The awkward turtle

Celebrating the failings of a successful person


Annual review: 6 months of blogging

These last 6 months I have catapulted myself into the blogasphere, well at least I attempted to. I began with my blog Limitless and after 3 months of sporadic postings and a general lack of theme I came to the conclusion that it wasn’t working for me; ultimately I knew I was not mature enough for the ideas that inspired the Limitless concept and thus it would never satisfy my expectations. I had notions of writing about meaningful shit and sociopolitics of the world around me that reflected discussions with friends and feelings that direct my way of life.

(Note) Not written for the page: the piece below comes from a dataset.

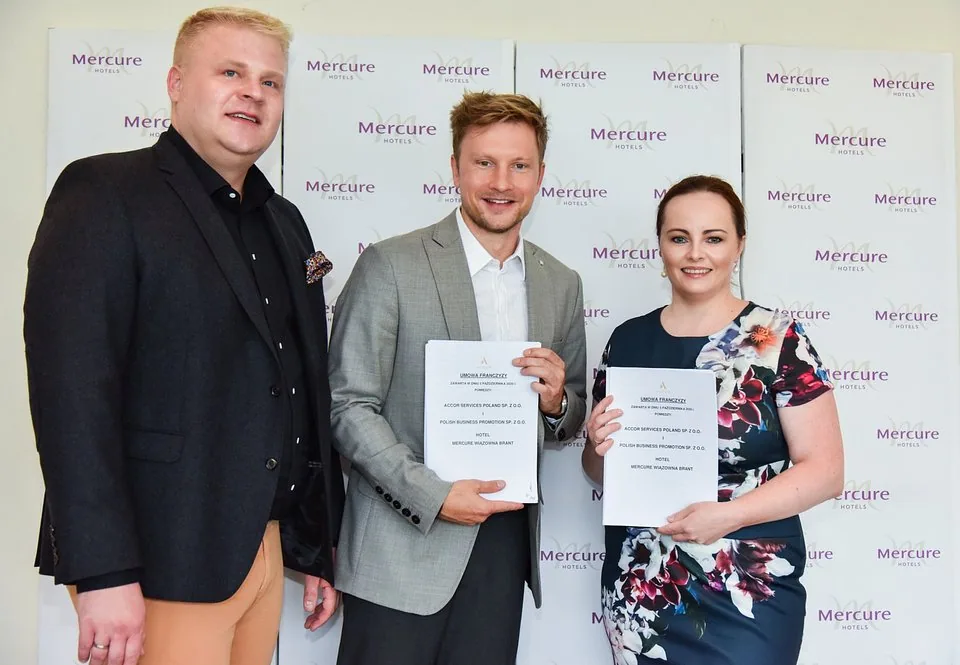 Od lewej: Sebastian Jóźwiak prezes zarządu Polish Business Promotion, aktor Jakub Wesołowski, Sylwia Maśluk VP talent & culture Eastern Europe Accor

Instead I choked. I choked on everything I was seeing and I couldn’t yet give them the right words. I felt overwhelmed by the expanse of information on the internet and other bloggers who were able to write what I wished to.

What the first 3 months did help me do however was hone in on my pattern of dark satirical humour in my writing style and I began to take inspiration from all those fails that kept bombarding me as I swam in a pool of embarrassing situations. Hence the birth of the awkward turtle tales. Now, admittedly I still post erratically and irregularly but I now have a theme, one that does not represent such pressure as my original concept and lets me have fun with writing. Hey, isn’t that why I’m here in the first place?

I may post at a slow pace but I’m proud I’ve kept at it, and I do hear slow and steady wins the race…I am an awkward turtle after all.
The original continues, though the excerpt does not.